Созидается чистота долгим и упорным трудом. Страсти умаляются и ослабевают не вдруг, а после продолжительной и постоянной борьбы с ними. По мере искоренения страстей из сердца в него вселяется чистота, при которой лишь возможна сердечная молитва.
Второе необходимое внутреннее условие занятия умным деланием — внимание, заключение ума в слова молитвы. Следующее условие — совершать Иисусову молитву единственно для покаяния. Сознание своей греховности, необходимость Искупителя и желание получить помилование — вот чувства, которые должны наполнять всё существо инока, занимающегося умным деланием. Многие подвижники сердечное чувство покаяния иногда называют плачем. «Плач, — пишет епископ Игнатий, — есть та един{стр. 694}ственная жертва, которую Бог принимает от падшего человеческого духа, до обновления человеческого духа Святым Божиим Духом» [1922]. Преподобный Пимен Великий прекрасно выразил необходимость покаянного чувства для монаха, занимающегося умным деланием. На вопрос, как должен вести себя безмолвник, он отвечал: «Подобно человеку, который погряз в тину по выю (шею), который имеет бремя на вые и вопиет к Богу: помилуй меня». Что может быть плачевнее положения человека, который, имея тяжелый груз на шее, погрузился в топкую тину. Он реально ощущает, что каждую минуту топкая тина может поглотить его целиком, и он погибнет. Естественно, что такой человек будет взывать о помощи от всего своего существа. Какие могут прийти к нему тщеславные помыслы и желания? Одно стремление спастись от потопления будет выражаться в его вопле. Подобное же чувство должен иметь инок, занимаясь Иисусовой молитвой. Сознание, что грех подобно тине все глубже и глубже затягивает его, и желание получить помилование от Господа — вот основные чувства, которые, выливаясь в непрестанный плач, должны быть неотъемлемы от делателя умной молитвы.

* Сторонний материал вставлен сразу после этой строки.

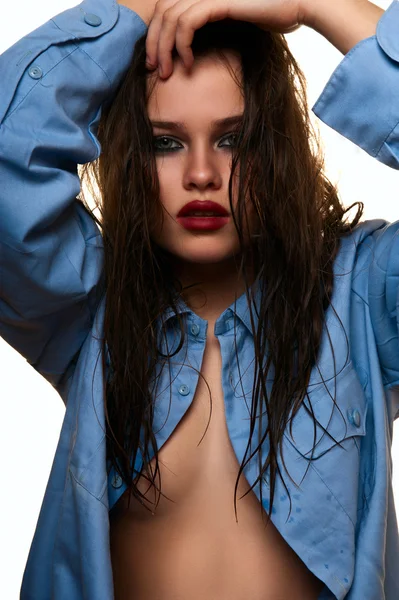 Beleza modelo de moda feminina com cabelo molhado e camisa azul — Fotografia de Stock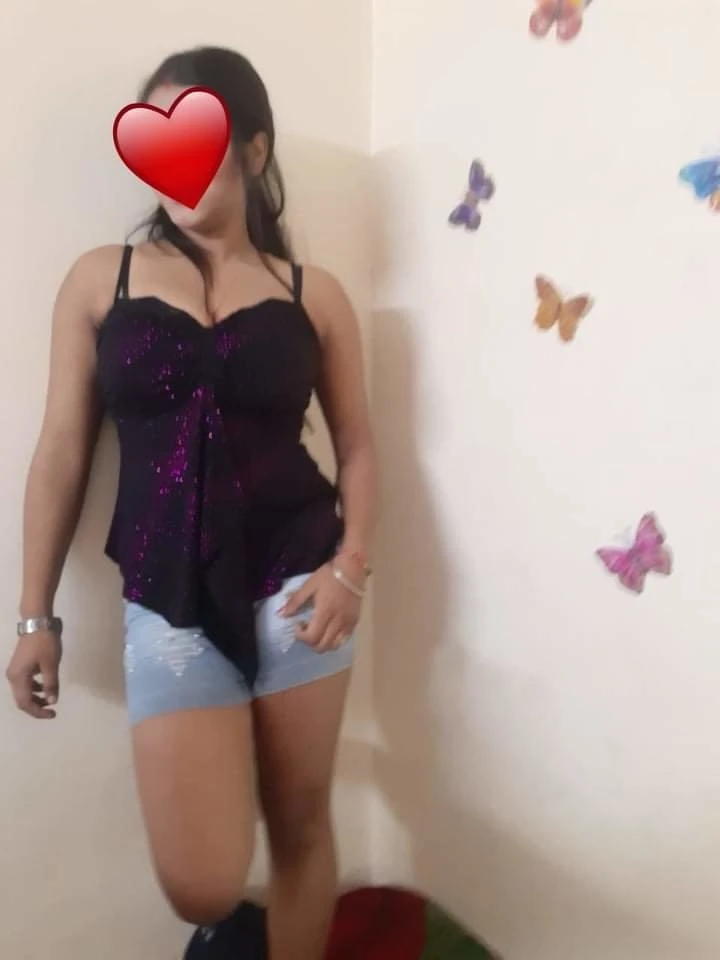 Radhika Singh – Indian escort in New Delhi — 2 / 5
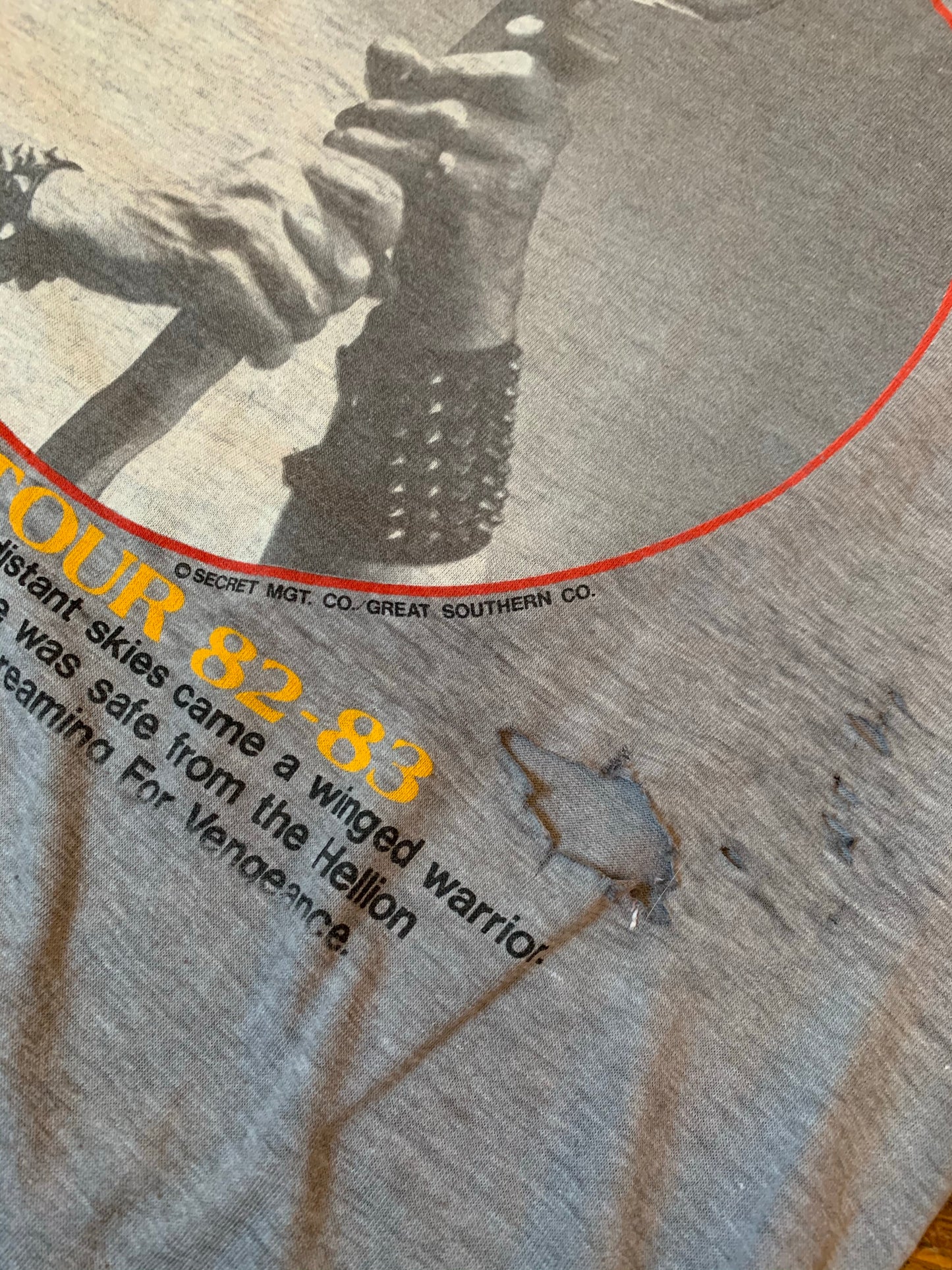 Vintage Judas Priest Screaming For Vengeance Raglan Baseball T-Shirt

Монах, соединяющий Иисусову молитву с чувством истинного покаяния, никогда не впадет во вражеское обольщение, никогда не уклонится в прелесть. Как может инок принять какое-либо ложное чувство утешения или отрады, когда он не ищет его, не стремится к нему, а просит у Господа лишь одного — помилования.
Епископ Игнатий пишет: «Да будет наша молитва проникнута чувством покаяния, да совокупится она с плачем — и прелесть никогда не воздействует в нас». В подтверждение этих слов Владыка приводит наставление преподобного Григория Синаита, который пишет: «Немалый труд — достигнуть точно истины и сделаться чистым от всего, сопротивного благодати, потому что обычно диаволу показывать, особенно пред новоначальными, свою прелесть в образе истины, давая лукавому вид духовного. По этой причине подвизающийся в безмолвии достичь чистой молитвы должен шествовать мысленным путем молитвы со многим трепетом и плачем, с испрошением наставления у искус{стр. 695}ных, всегда плакать о своих грехах, печалясь и боясь, как бы не подвергнуться муке или не отпасть от Бога, не отлучиться от Него в этом или в будущем веке. Если диавол увидит, что подвижник живет плачевно, то не пребывает при нем, не терпя смирения, происходящего от плача… Великое орудие — иметь при молитве и плач» [1923].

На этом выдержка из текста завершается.